Obviously the open secret is that for as long as the EU economy will be receding or stagnating, the rate of employment will continue shrinking, probably marginally, but always moving away from the 2020 target of 75%. All that in a background of austere economic policies, which roughly means that everybody should do it like Germany. Not the slightest state budget deficits, not the slightest use of monetary policy for growth are allowed. Salvation will come from hard work and tightened belts.

Berlin insists on this strategy and makes sure it applies all over the EU, using the increased political leverage Germany has acquired during the past few years. Germany produced a zero state budget deficit in 2013, and didn’t even use the small inflation allowance of around 1.1% of the GDP. A budget gap equal to the inflation rate is considered as sustainable in the long-term. Understandably Berlin doesn’t even believe in this basic principle and the absurd Teutonic economic theorizing goes as far as targeting a zero inflation rate.

Austerity doesn’t work

This is a real economic trap as reality gradually proves. The German central bank, the powerful Bundesbank, is reportedly now predicting that Germany’s already weak growth will further decelerate over the next months. The reason is that Germany’s growth is based on exports and the international environment is no longer positive. The problems in the developing world and the Ukrainian issue in Europe will cast their shadow on German exports.

It’s a time cherished economic rule that a large and developed economy cannot indefinitely count only on exports for its well-being. Japan is a characteristic case of that. Internal demand can be an equally reliable as a long-term base for growth. There are also political hurdles to a heavily relying on foreign sales economy. The US for example is increasingly using the strong argument of the excessively positive for Germany bilateral trade. What Washington says in reality is that Germany cannot go on ‘stealing’ the growth potential of others, by continuously increasing its exports to trading partners. According to the Americans, Germany has to increase its internal demand and let the Eurozone use more effective monetary tools for growth, abandoning the austere strategy. Those grievances seem to be clearly seen in delays that plague the negotiations for a new era in the EU-US trade, the famous Transatlantic Free Trade Agreement (TTIP).

A message from Greece

The internal austerity and the increased reliance on exports seem to work even less effectively in the south of Europe. The results of the 22-25 May European elections will be a reliable witness of that. Already Greece produced some first signs. Last Sunday Greece held the first round of municipal and regional elections. The fascist group Golden Dawn won almost 10% of the votes in the capital region of Attica, home to almost half of the country’s population. A GD candidate for major of Athens got 16.12% of the vote. In the disadvantaged Athens suburbs of Academia Platonos, Sepolia and Kolonos this person ended first, scoring 20.7% of votes.

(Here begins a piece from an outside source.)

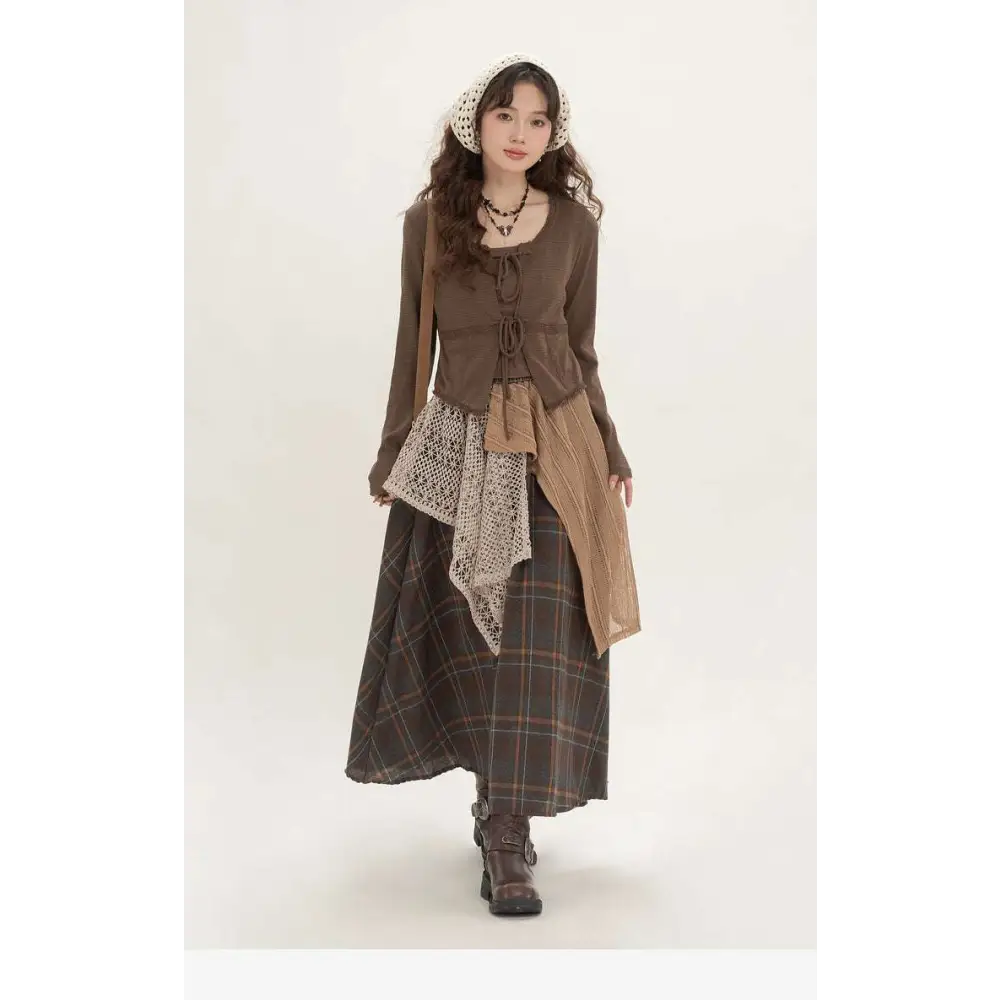 A retro minority irregular plaid a line skirt with elastic waistband paired with off-white crochet overlay cardigan and boots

Undoubtedly, the social and the political structures in many European Union countries are already overstretched. The austere recipe for economic growth doesn’t seem to work, despite the fact that one after the other the crisis hit countries (Ireland, Portugal, Spain and Greece) are exiting from the EU-ECB-IMF assistance programs, and become financially self-sustained. Unfortunately, the austerity recipe followed all over Europe, holds down growth even in the surplus countries. The weak internal demand in Germany doesn’t help at all Greece, Italy and Spain to start growing again.

Hopefully, a strong message from this European election will change all that, and urge Germany to live up to its role as leading Eurozone economy.